___ Supplied data

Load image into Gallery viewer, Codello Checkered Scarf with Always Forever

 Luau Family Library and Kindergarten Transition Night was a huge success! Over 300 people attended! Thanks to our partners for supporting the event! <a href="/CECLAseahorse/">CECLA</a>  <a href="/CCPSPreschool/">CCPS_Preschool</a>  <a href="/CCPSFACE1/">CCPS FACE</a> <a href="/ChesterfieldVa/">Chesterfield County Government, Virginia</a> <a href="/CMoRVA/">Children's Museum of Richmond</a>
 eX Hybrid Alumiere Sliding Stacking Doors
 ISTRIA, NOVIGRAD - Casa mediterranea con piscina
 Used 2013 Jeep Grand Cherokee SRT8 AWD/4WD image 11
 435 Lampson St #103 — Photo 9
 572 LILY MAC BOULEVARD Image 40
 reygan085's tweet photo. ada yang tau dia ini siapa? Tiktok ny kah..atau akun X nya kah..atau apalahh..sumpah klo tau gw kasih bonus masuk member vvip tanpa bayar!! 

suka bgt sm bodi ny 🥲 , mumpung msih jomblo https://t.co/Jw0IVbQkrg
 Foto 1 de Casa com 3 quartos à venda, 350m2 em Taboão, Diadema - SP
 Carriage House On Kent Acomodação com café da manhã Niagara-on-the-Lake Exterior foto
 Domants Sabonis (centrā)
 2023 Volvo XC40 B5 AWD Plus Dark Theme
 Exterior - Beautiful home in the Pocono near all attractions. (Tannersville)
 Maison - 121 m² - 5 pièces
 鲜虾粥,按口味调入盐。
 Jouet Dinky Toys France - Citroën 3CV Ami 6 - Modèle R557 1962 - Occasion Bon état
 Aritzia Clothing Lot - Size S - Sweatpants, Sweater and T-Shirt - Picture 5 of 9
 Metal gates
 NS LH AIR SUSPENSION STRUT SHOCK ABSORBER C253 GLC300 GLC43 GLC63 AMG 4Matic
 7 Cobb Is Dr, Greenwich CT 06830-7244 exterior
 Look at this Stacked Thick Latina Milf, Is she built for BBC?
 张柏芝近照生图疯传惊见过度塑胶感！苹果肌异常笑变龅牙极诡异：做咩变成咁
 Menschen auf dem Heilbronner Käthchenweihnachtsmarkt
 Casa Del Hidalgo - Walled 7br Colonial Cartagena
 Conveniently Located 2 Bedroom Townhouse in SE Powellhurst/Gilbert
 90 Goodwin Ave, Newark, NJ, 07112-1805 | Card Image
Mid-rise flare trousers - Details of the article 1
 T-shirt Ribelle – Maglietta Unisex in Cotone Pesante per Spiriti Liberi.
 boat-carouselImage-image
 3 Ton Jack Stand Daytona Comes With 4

______

Task brief => Above are the records; from them, give again exactly the lines from the one containing "Used 2013 Jeep" to the one containing "reygan085's tweet photo.", both lines included, and nothing more.

Solution to the exercise =>
 Used 2013 Jeep Grand Cherokee SRT8 AWD/4WD image 11
 435 Lampson St #103 — Photo 9
 572 LILY MAC BOULEVARD Image 40
 reygan085's tweet photo. ada yang tau dia ini siapa? Tiktok ny kah..atau akun X nya kah..atau apalahh..sumpah klo tau gw kasih bonus masuk member vvip tanpa bayar!! 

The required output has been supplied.